What mariners who relied on the Coast Guard’s system missed were a series of National Weather Service warnings that afternoon that were pointing in the Seacor Power’s direction.

Philip Grigsby, the lead NWS forecaster in the area that day, testified earlier Monday that the storm's path would have been clear to mariners who picked up on those warnings.

“If anyone had appropriate situational awareness, I would say they should have been aware of the thunderstorms approaching,” he said.

Grigsby described a one-two punch of violent weather.

First came the thunderstorm, he said, then an unusually potent “wake low” — a compact, circular low-pressure system that shows up in the region a few times a year. He said it packed winds of 50 mph (80 kph) and lasted into the following morning, stirring the seas higher and obstructing rescue efforts.

“This wake low we had on April 13 was very unusual. It was much stronger and much longer lasting than we typically see,” Grigsby said. “We had strong 30, 40, 50-knot winds that persisted across the area from basically 3 p.m. until 3 in the morning. It was almost a 12-hour event.”

The weather service sent out a first marine warning at 12:08 p.m., about 10 minutes before the Seacor Power left port, but that was for an isolated storm. The line of thunderstorms that would capsize the oil services vessel followed, Grigsby said.

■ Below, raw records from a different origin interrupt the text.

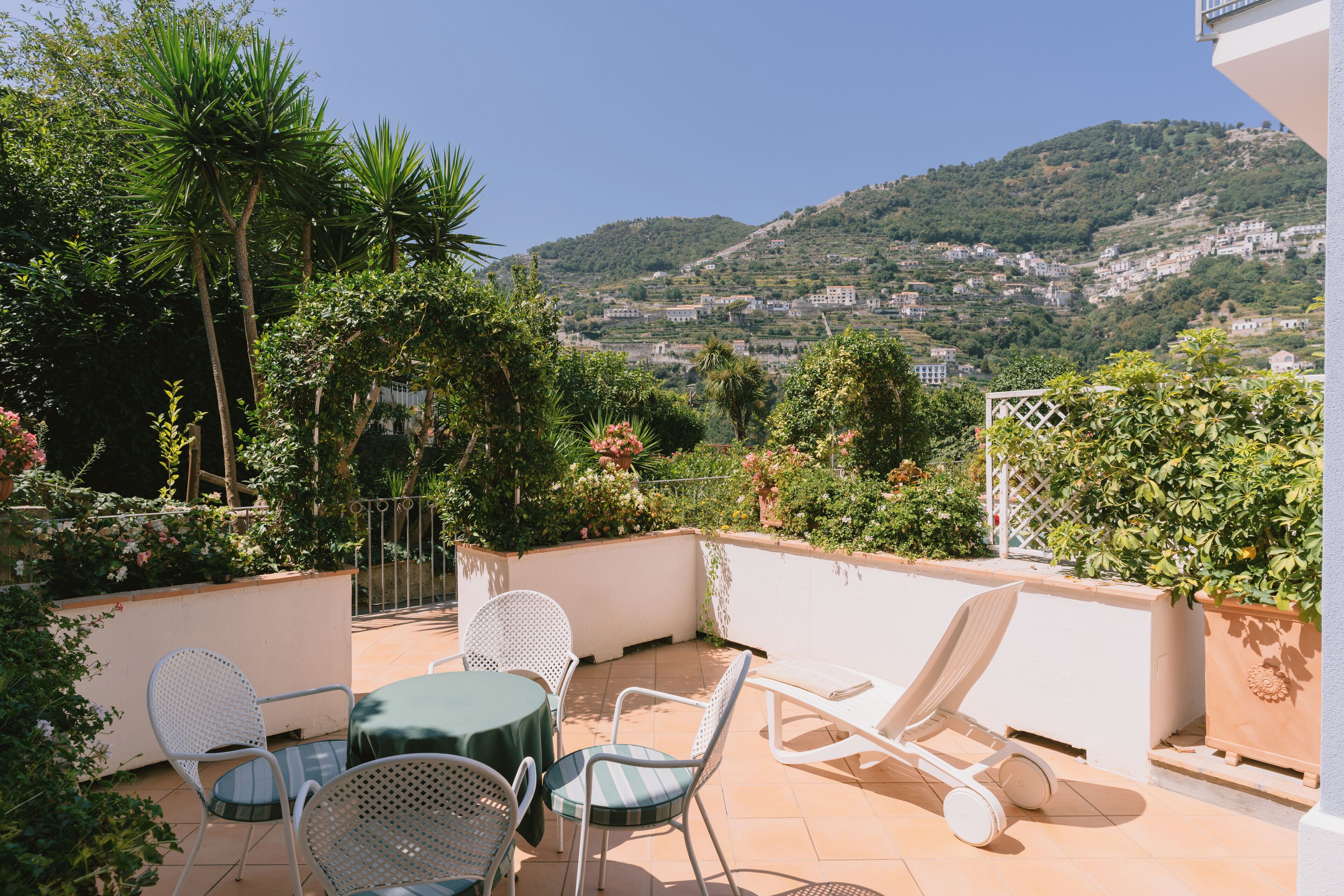 A terrace with a table and chairs, surrounded by plants and overlooking a hillside with buildings.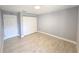 A neutrally painted bedroom with light tile flooring and a closet for storage at 9308 Pinero St, Spring Hill, FL 34608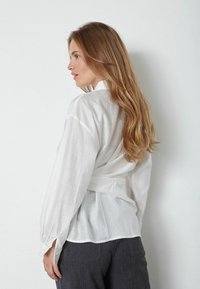 Biała, półprzezroczysta bluzka z długimi rękawami, zwężona w talii, z kołnierzykiem stojącym i subtelną teksturą. Połączona z szarymi spodniami.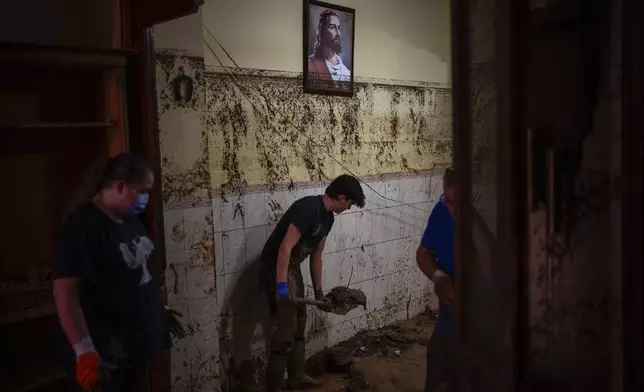 A painting hangs near the water level marker as resident remove the mud in a house after floods in Paiporta, Valencia, Spain, Tuesday, Nov. 5, 2024. (AP Photo/Emilio Morenatti)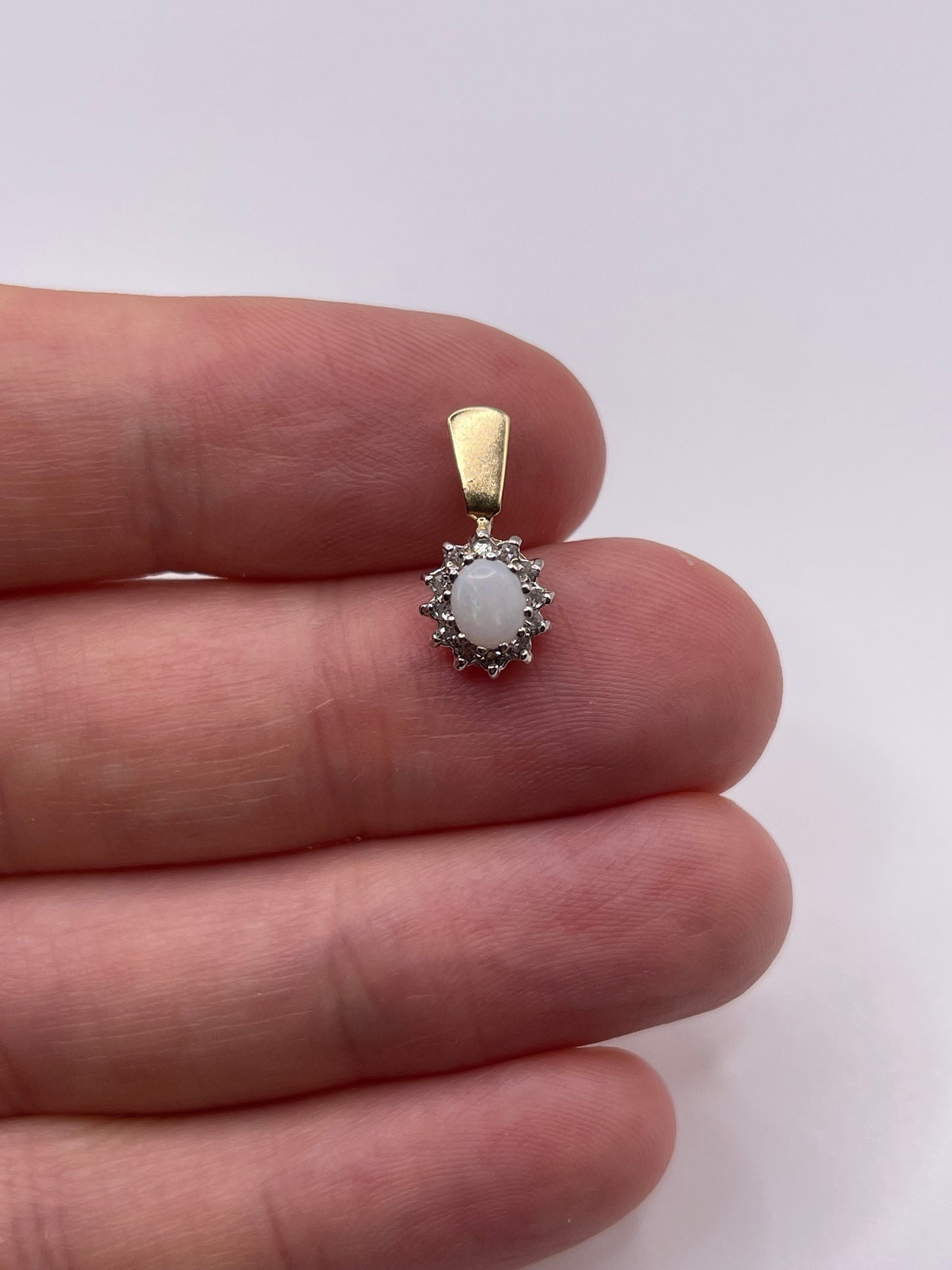9ct gold opal and diamond pendant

A 1:30 p.m. special marine warning focused on Lake Pontchartrain, near New Orleans.

From there the warnings followed the storm. By 2:30 p.m., the weather service issued a marine warning for the coastal waters around Port Fourchon describing wind gusts exceeding 39 mph (62 kph) and hail, while cautioning that boats could “sustain damage or capsize.”

At 2:57 p.m., another alert broadened the warning area.

“This is when things really started to develop, and the line really became well defined,” Grigsby testified.

Those warnings didn’t capture the storm's full force until after the lift boat overturned, Grigsby acknowledged. Either way, it appears they went unheard.